Going to chip in a little towards cost and battery explanation.

For example we'll use the Zero FXS as an example. 6.3kWh nominal battery and they state a range of 100miles for city and 60miles for highway at 55mph. The bike you intend to build will follow a similar aerodynamic so we can use it for some maths. If 6300Wh is getting 60miles at 55mph then the Wh/mi at 55mph is 105Wh/mi.

So in that case if you go for the 5 Leaf modules, that gets you 8300Wh / 105Wh/mi which would give you a range of 79 miles at 55mph which is plenty.

5 of the 2018 Leaf modules is about $1500-$2000.
QS Motor/Controller combo should come to about $800-$900 after the shipping and import fees.
Expect to spend a couple hundred dollars on various miscellaneous items.

Complete build for as low as $2500.

I think the bigger issue is to see whether you can fit so much battery capacity into your bike. I saw that you mentioned that it's a small displacement dual-sport and I don't believe that they tend to have a large space where the engine was.
 
Africa twin or a larger sport bike would be more suitable than a smallish dual sport, some ingenuity will be needed to fit the batteries.

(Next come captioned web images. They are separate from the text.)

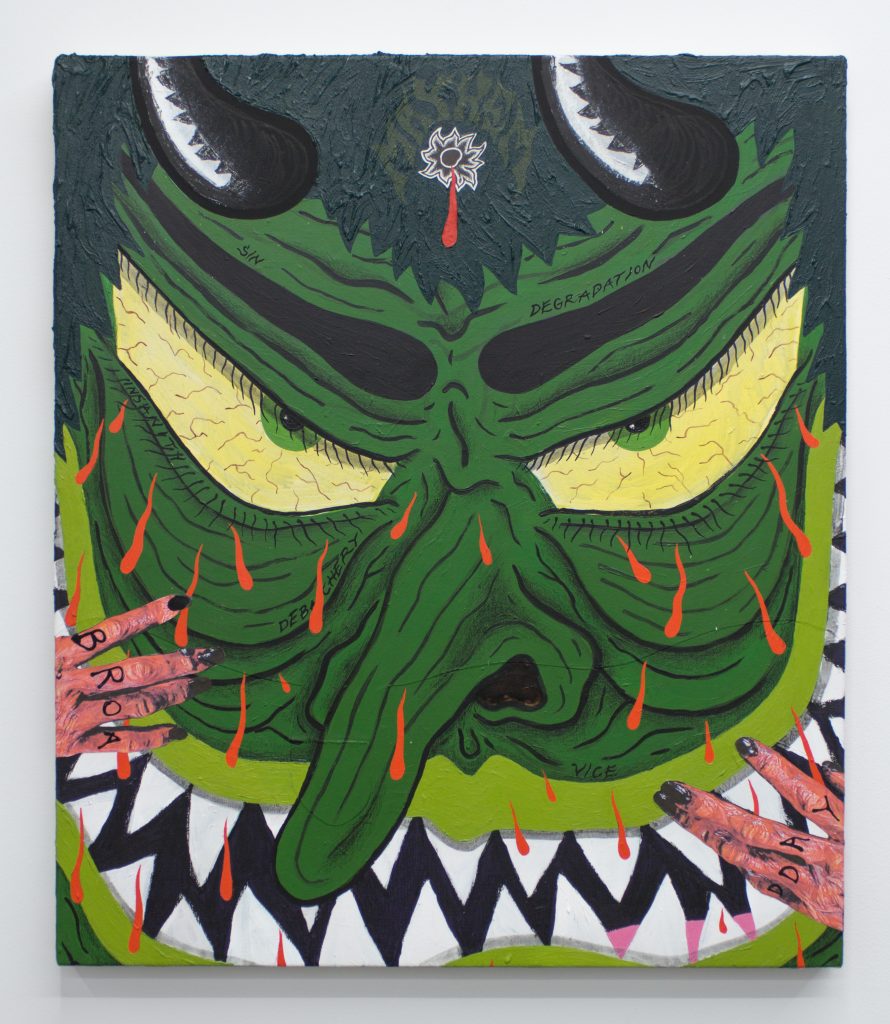 Image: Mayhem, 2020 by Cameron Spratley, acrylic, gouache, ink, molding paste, spray paint, cut paper, collage, vinyl, colored pencil, and china marker on canvas 30 x 26". The painting shows a green-colored face referencing a Japanese mask with a hand holding the face from the bottom and the left side of the composition. There is a bleeding bullet wound on the forehead. Image courtesy of M. LeBlanc. 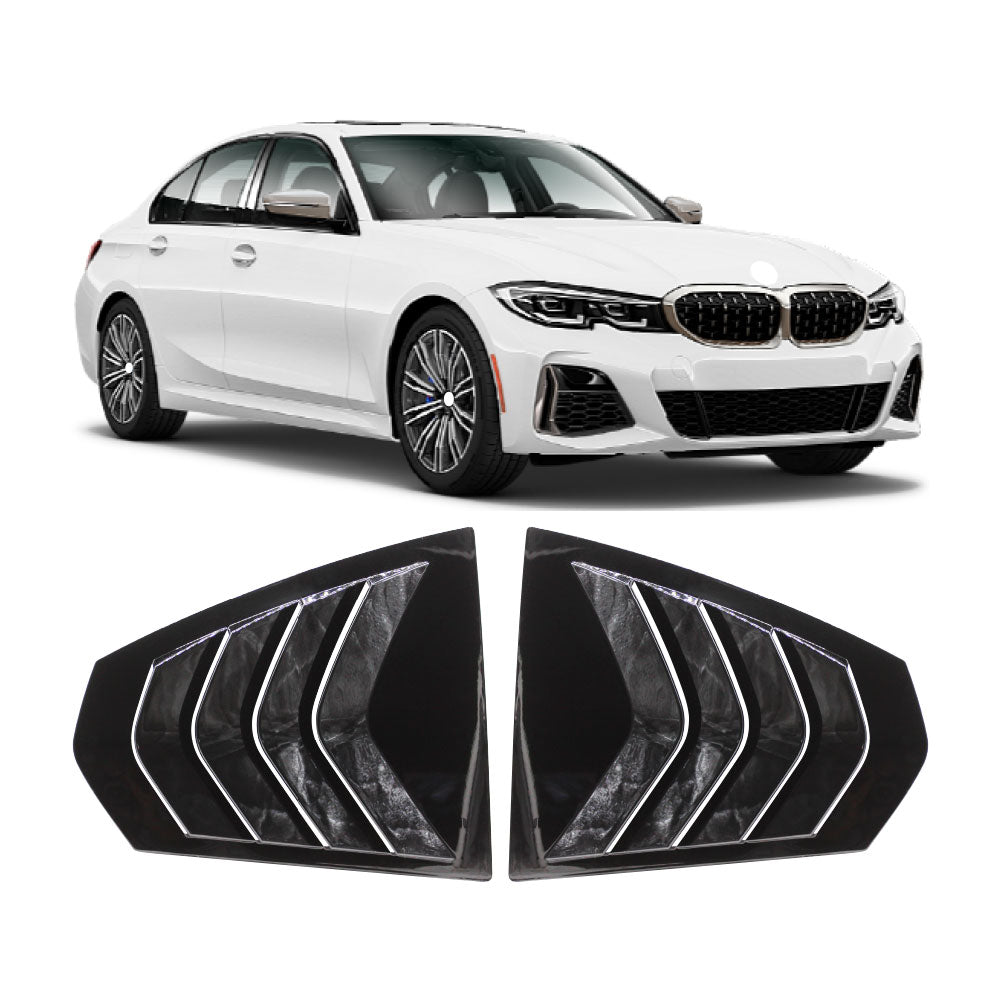 SUITABLE TO FIT BMW G20 QUARTER GLASS WINDOW LOUVERS GLOSS BLACK
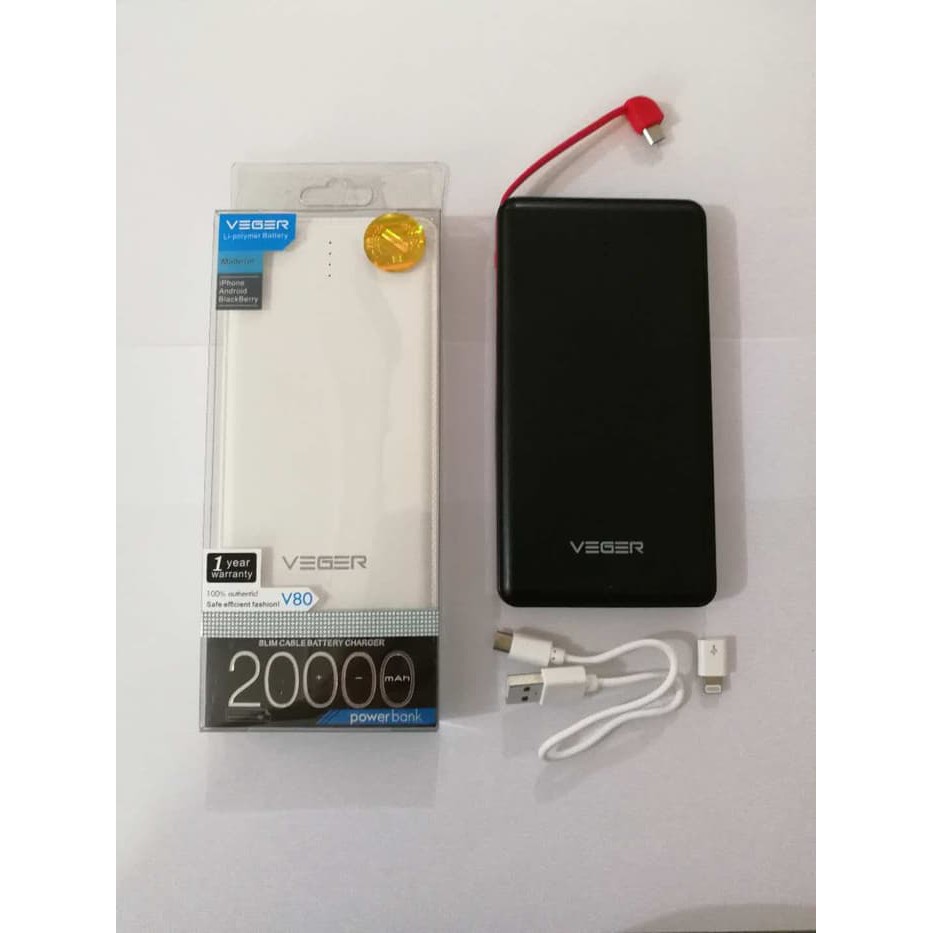 Powerbank Veger V80 20000Mah Original 100% Tahan Lama Felksibel - Putih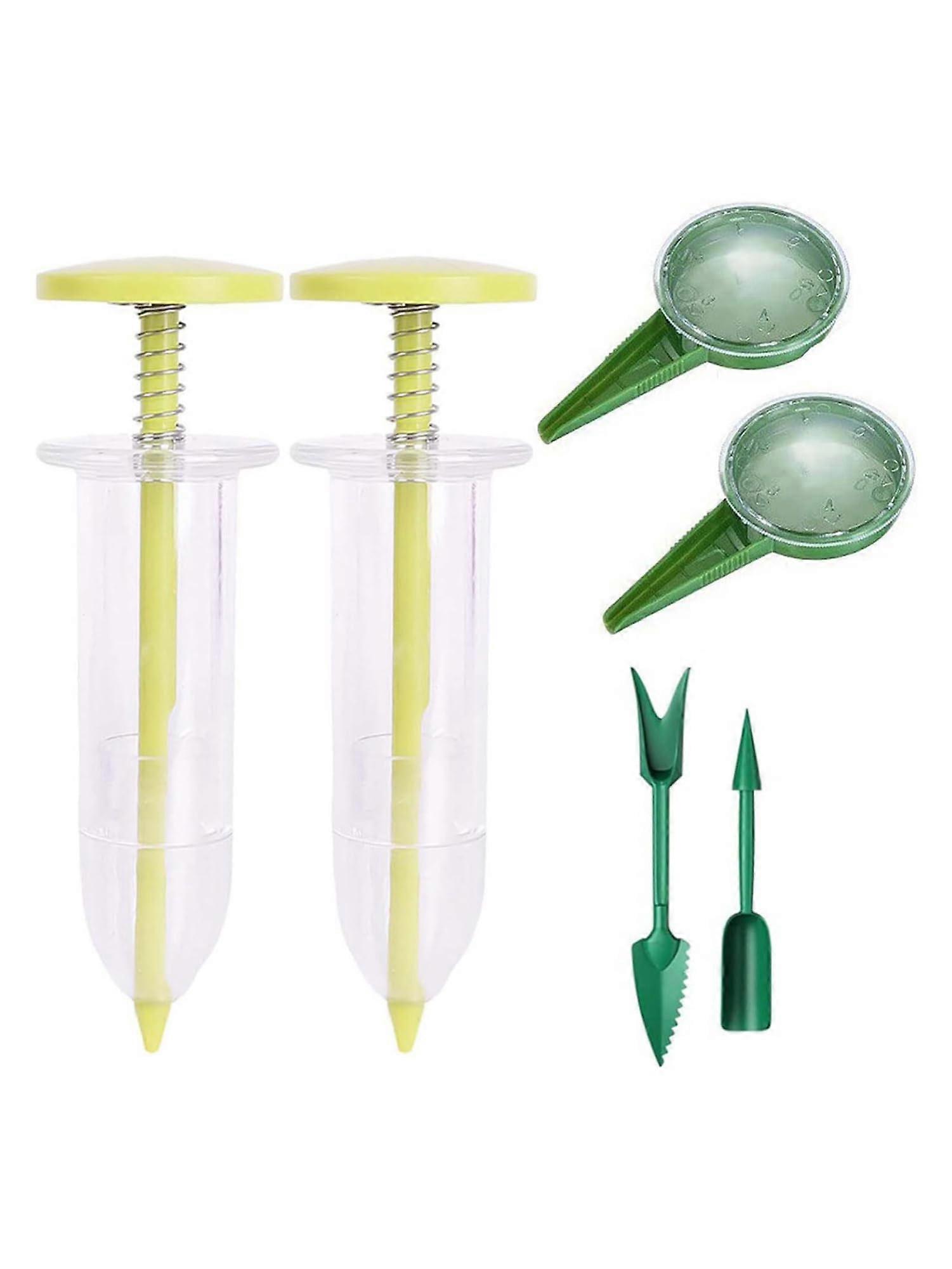 6 Pack Seed Dispenser Set with Seedling Dibber and Widger Garden Tools for Planting, One Size, Yellow Green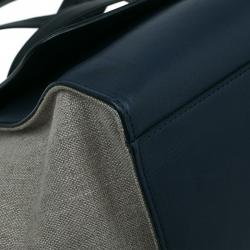 Pre Owned Celine Tri Color Leather and Canvas Small Trapeze Shoulder Bag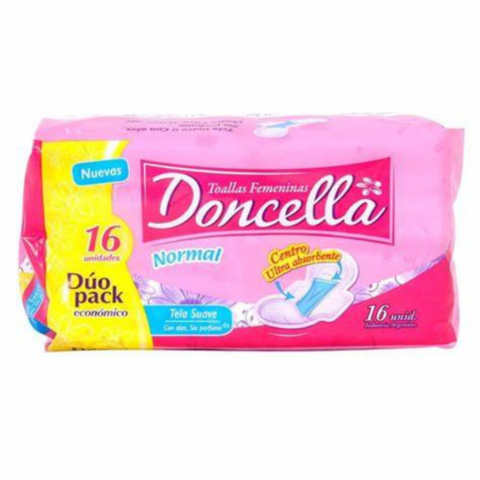 TOALLAS FEMENINAS DONCELLA X 16U NORMAL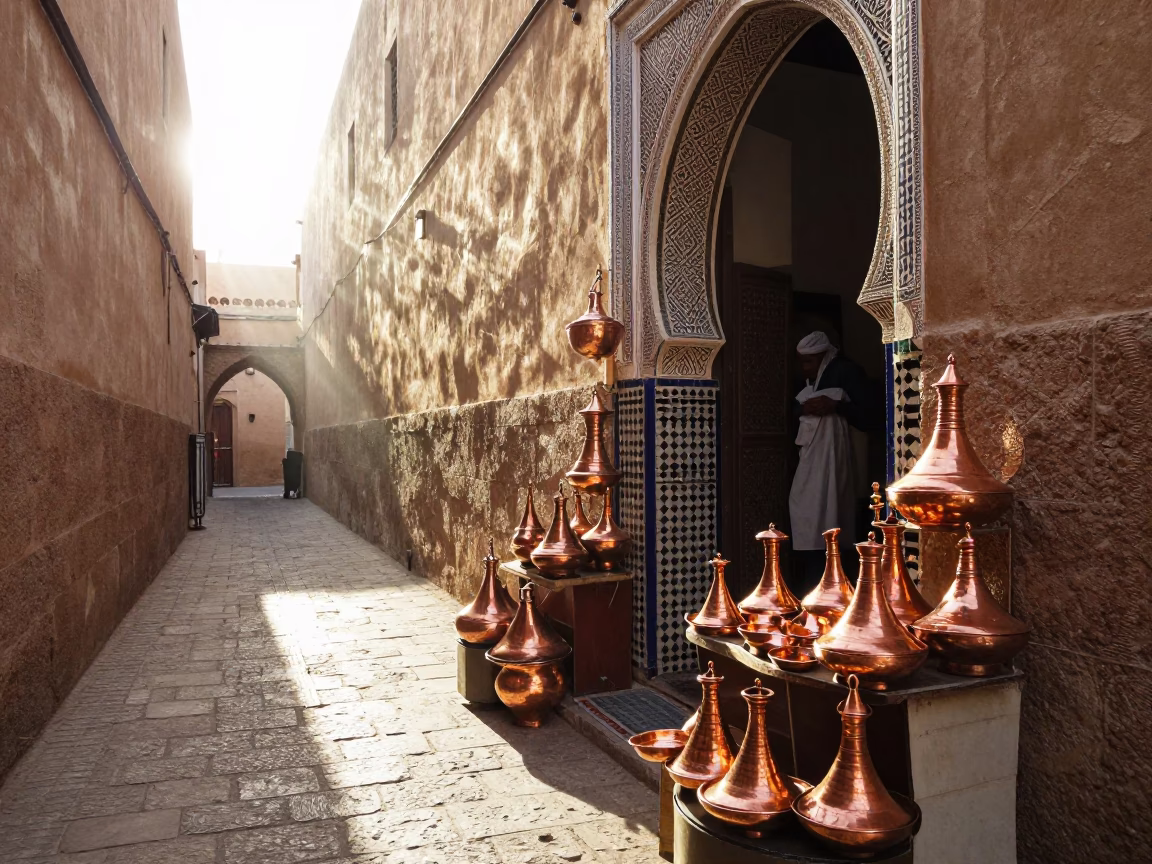 Morning Light in Fez Medina Narrow Alley with Copper Goods and Local Market Activity in in Fez, Morocco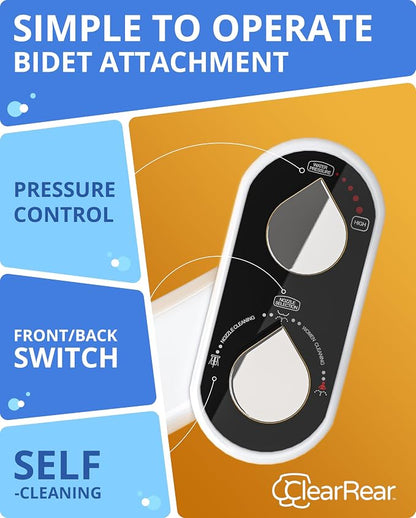 CLEAR REAR Bidet Attachment for Toilet Seat - Non-Electric with Self Cleaning Dual Nozzles, Leak Proof Connectors, Adjustable Water Spray, Rear & Feminine Wash - Hygienic Bathroom Upgrades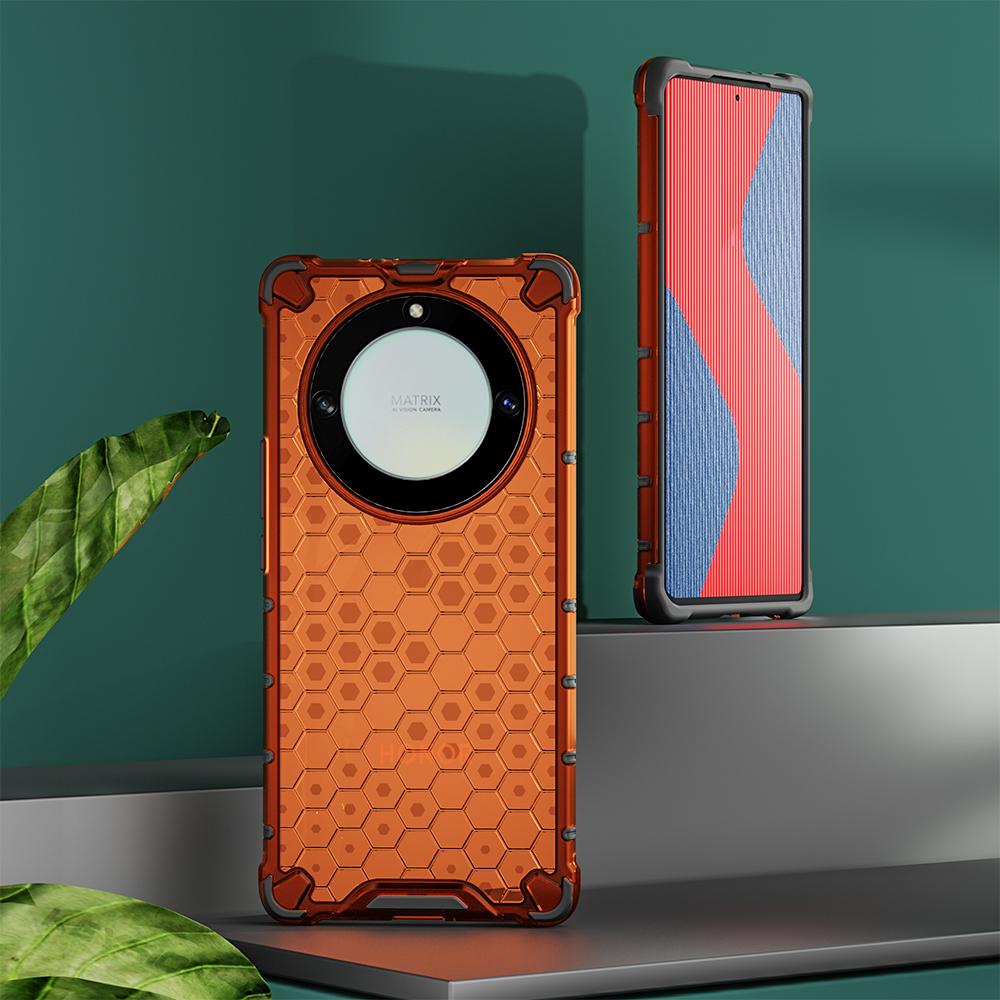 KEYSION Stoßfeste Rüstungshülle für Huawei Honor X9A 5G, weiches Silikon + PC, transparente Waben-Telefonrückseite für Honor X9 5G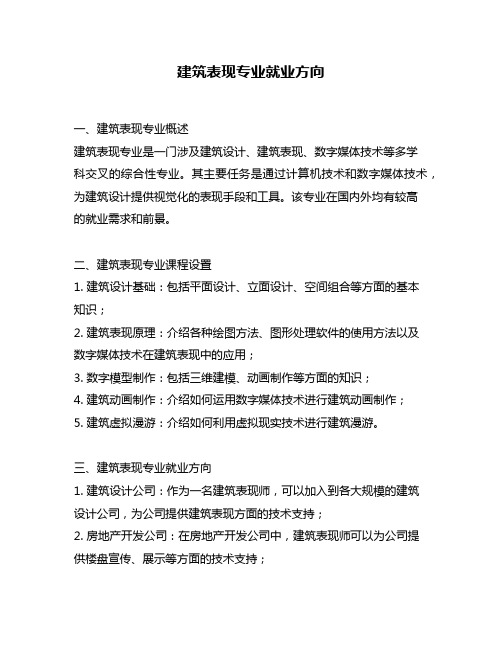 建筑表现专业就业方向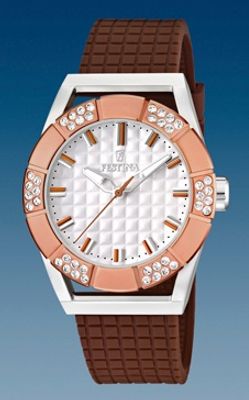 Festina horlogeband F16563-2 Rubber Bruin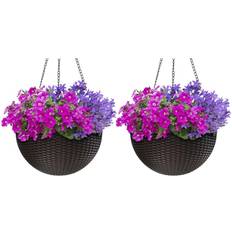 Sorbus Hanging Planter Round-Espresso Brown La rge, 2-Pack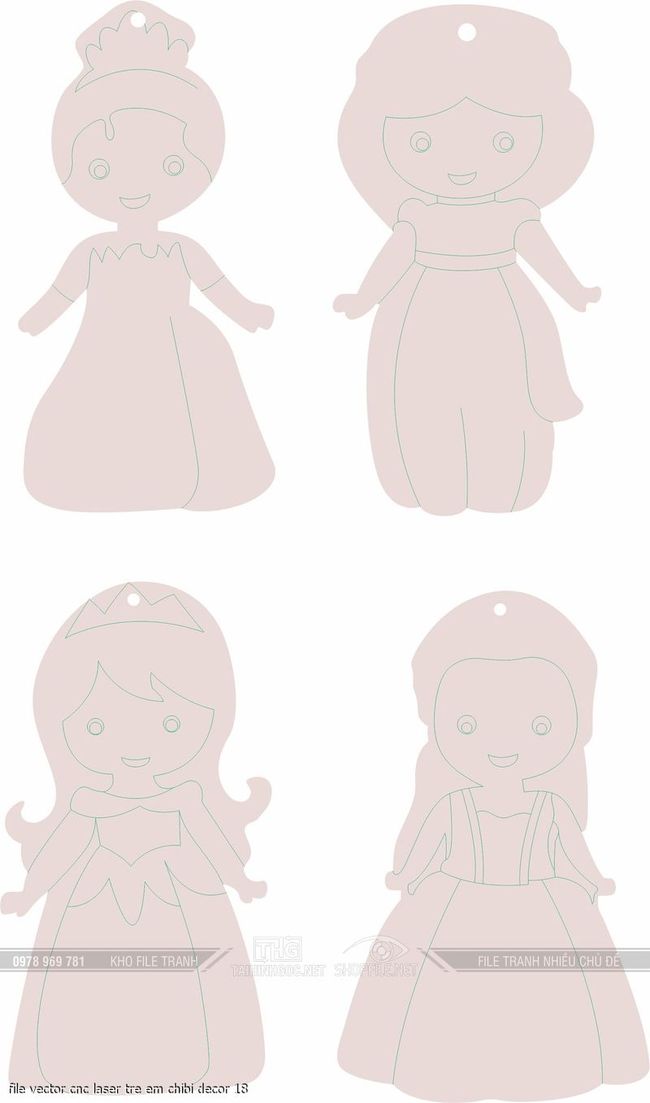 file vector cnc laser tre em chibi decor 18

I’ve had three separate packs connected in parallell at the most but i don’t really recommend it if it can be avoided since it drives complexity, wiring and connection issues.
 
Interesting build, like your donor. I did a (dirty) engine swap years ago in a similar bike and simply cut the front frame loops out and bent new ones to match the shape. I would do this here and stack the leaf modules upright (wiring on top) transversely across the frame and make new frame rails to support. Make sure you do this with frame on a bench, no suspension etc on it or standing on its own weight otherwise the frame might distort a bit.
Also, this probably dictates how you then mount your motor as the battery would be in the way. But again, steel swing arm, I would try mount the motor as close to swingarm pivot as possible, on the swingarm even.

Have you seen the new 3000w motor design with mounts for fitting it onto the swingarm bolt? I like that idea and I'd have it move with the swingarm as it isn't a large mass that close to the pivot.

Post some pics so we can see the bike and understand a bit better.

Cheers
Tyler

 
Is this the bike?

92c686e6c64cbb299fddc5ab2592adca.jpg


Really nice donor choice. I think it might be an aluminium frame though. At least the lower rails look tubular not cast, can still replace them with aluminium tube!